A Systematic Approach to Fitting Non-Linear Hearing Aids

In his presentation, Harvey Dillon, Ph.D., Research Director of the National Acoustic Laboratories (NAL) in Sydney, Australia, discussed COSI and NAL-NL1, two commonly used tools for individually determining client needs, goals, and amplification requirements. The Client Oriented Scale of Improvement (COSI) assists in the management of motivation, expectations and adjustment to amplification. The NAL-NL1 selection procedure aims to provide the response shape that maximizes speech intelligibility in multi-channel instruments while ensuring that the total loudness is no more than that perceived by a normal-hearing person.

COSI – An Outcome Measure Reinforcing Good Clinical Practice

In order to gain insight into the effect COSI had on practitioners and to develop better outcome measures in the future, Dr. Dillon and his colleagues at the National Acoustic Laboratories surveyed professionals utilizing COSI and other outcome measures. The goal was to determine if clinicians liked using outcome tools, and what they found the benefits and drawbacks of COSI to be.

The overall opinion was that COSI reflects good clinical practice and enhances rehabilitation. To most survey participants, COSI was seen as a positive tool providing extra support and information. A smaller number viewed COSI as a time-consuming exercise that duplicated what they were already doing as part of the hearing rehabilitation process.

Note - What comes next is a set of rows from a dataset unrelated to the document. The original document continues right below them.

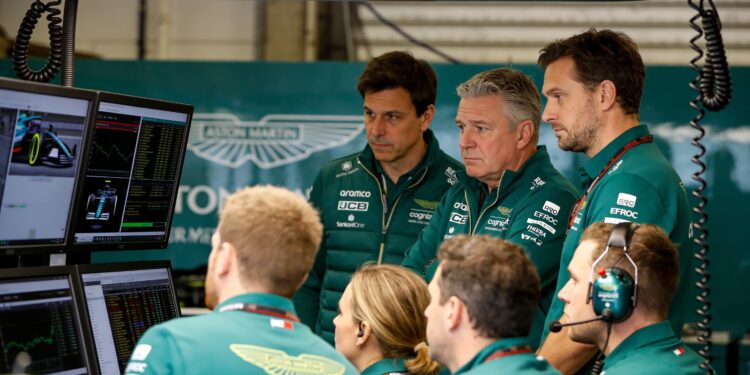 chandhok aston martin onder druk moet vingerwijzen stoppen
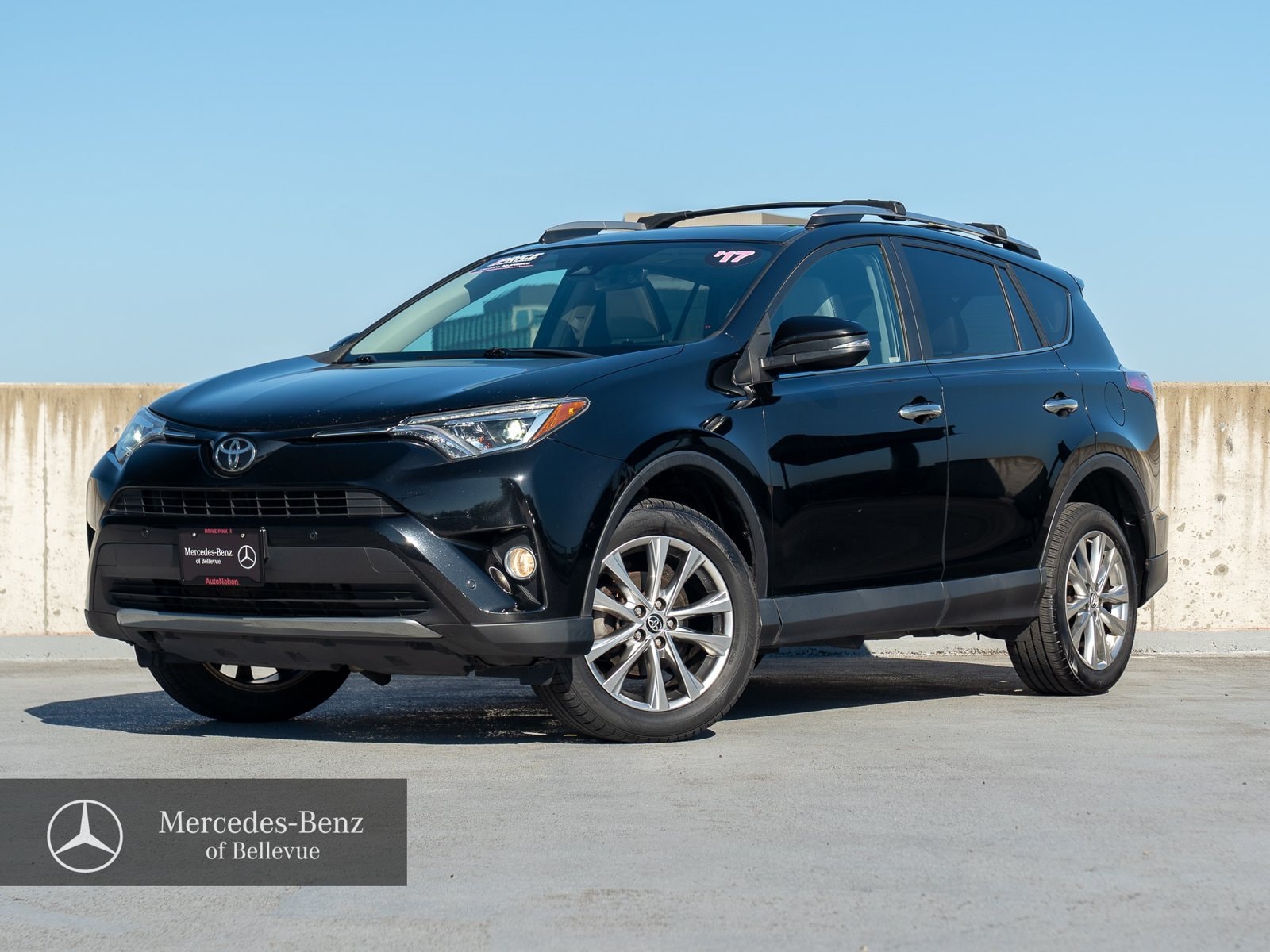 2017 Toyota RAV4 Limited AWD photo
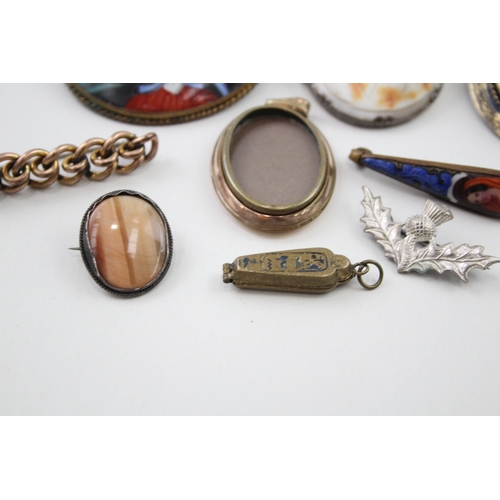 215 - A collection of antique jewellery including rolled gold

An interesting finding of the survey, however, was what professionals defined as the applications of COSI. "COSI is an outcome measure," explained Dillon, "but when we did our survey, somewhat to our surprise many of the positive comments had nothing to do with outcomes." Other applications identified by clinicians were assessing acceptance, motivation and expectations; selecting hearing aid devices and features; teaching hearing strategies; and facilitating rapport and concern.

NAL-NL1

One of the important factors that became clear in the creation of NAL-NL1, explained Dr. Dillon, is that when loss gets too great at any frequency, patients cannot utilize information at that frequency as well as people with less hearing loss. Even when speech is amplified to well above hearing threshold, their ability to extract information is greatly reduced compared to people with less loss. For low sensation levels, however, (i.e. speech just a bit above the patient’s threshold), even people with severe loss do almost as well, and in some cases better, than a normal hearing person. In these cases, more is not always better since adding more speech information often does not produce more intelligibility, and can produce less intelligibility.

Other researchers at NAL (Dr. Gitte Keidser and Frances Grant) recently undertook research both in the field and in the laboratory to evaluate the effectiveness of NAL-NL1 as a procedure in comparison with loudness normalization.

Subjective preferences, and measured speech intelligibility both strongly favoured the NAL-NL1 method over loudness normalization, especially when listening in background noise, even though both procedures were rated as being equally loud in the laboratory. Common comments by the subjects after the field test component were that NAL-NL1 makes speech clearer, and is more natural while loudness normalization sounds soft, muffled, and dull. In high-level noise situations in the field, NAL-NL1 was rated as being louder and sometimes less comfortable. Some differences were noted between patients with flat losses and those with sloping losses.

The studies also looked at whether multi-channel hearing devices were preferred. In terms of speech recognition in the laboratory, there were few significant differences in user preference or objective performance between one-, two-, and four-channel devices. Dr. Dillon noted that this was a surprising result and one that required further investigation. In the field-study phase, those subjects with steeply sloping losses preferred the two-channel device over the single-channel device. (The four-channel device was not used in the field study).

Overall, the experiment supported the use of NAL-NL1 and indicated that the number of channels in the hearing aid was not a critical issue.